Collected data ▸
****************

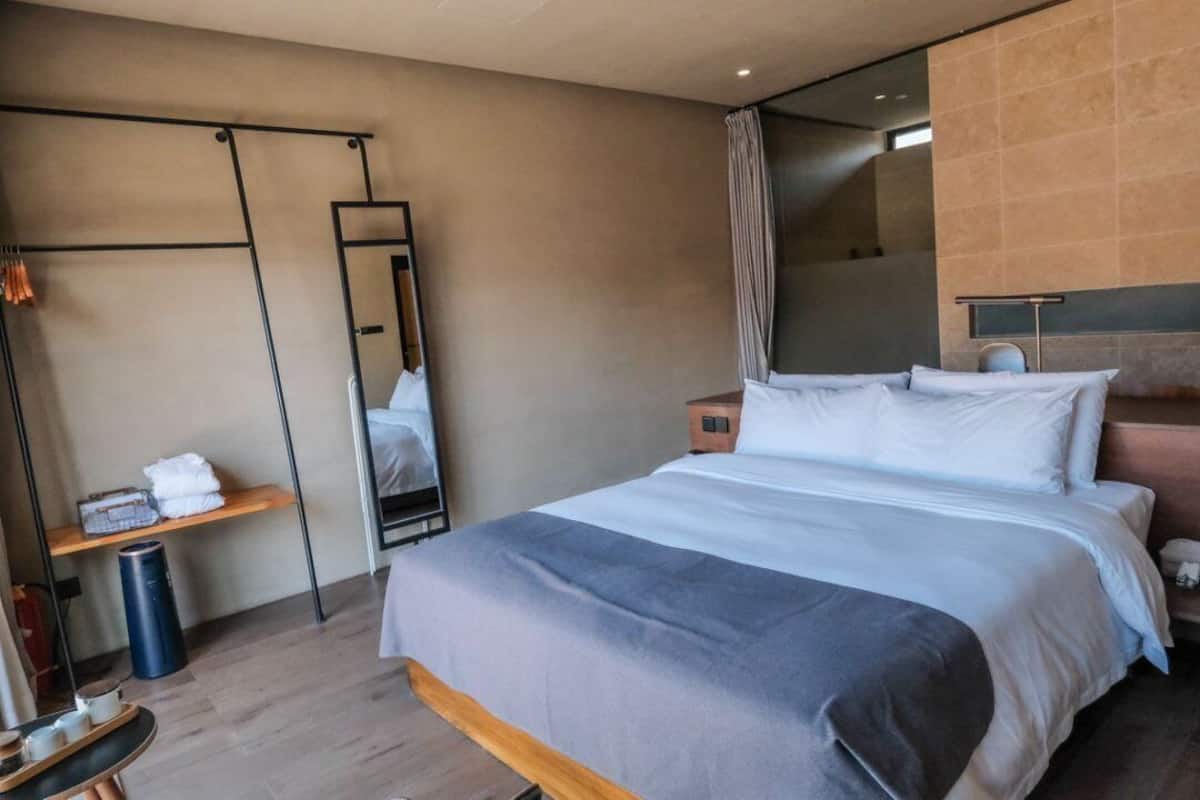 Une chambre d’hôtel moderne avec un grand lit, une table de chevet, un miroir et une armoire.
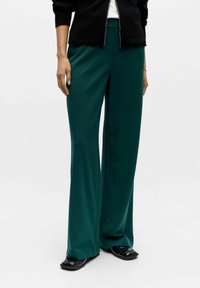 High-waisted, wide-leg trousers in deep teal fabric. Smooth texture with a slight sheen. Paired with a black zip-up jacket and flat shoes.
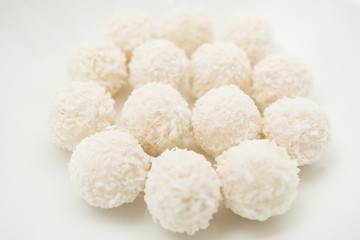 Chocolate covered coconut candies on white plate isolated on white background. Truffle candy set. Selective focus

****************

What needs to be done ▸
Line by line, return the listing above exactly, leaving out its pictures.

Result of this exercise ▸
 Une chambre d’hôtel moderne avec un grand lit, une table de chevet, un miroir et une armoire.
 High-waisted, wide-leg trousers in deep teal fabric. Smooth texture with a slight sheen. Paired with a black zip-up jacket and flat shoes.
 Chocolate covered coconut candies on white plate isolated on white background. Truffle candy set. Selective focus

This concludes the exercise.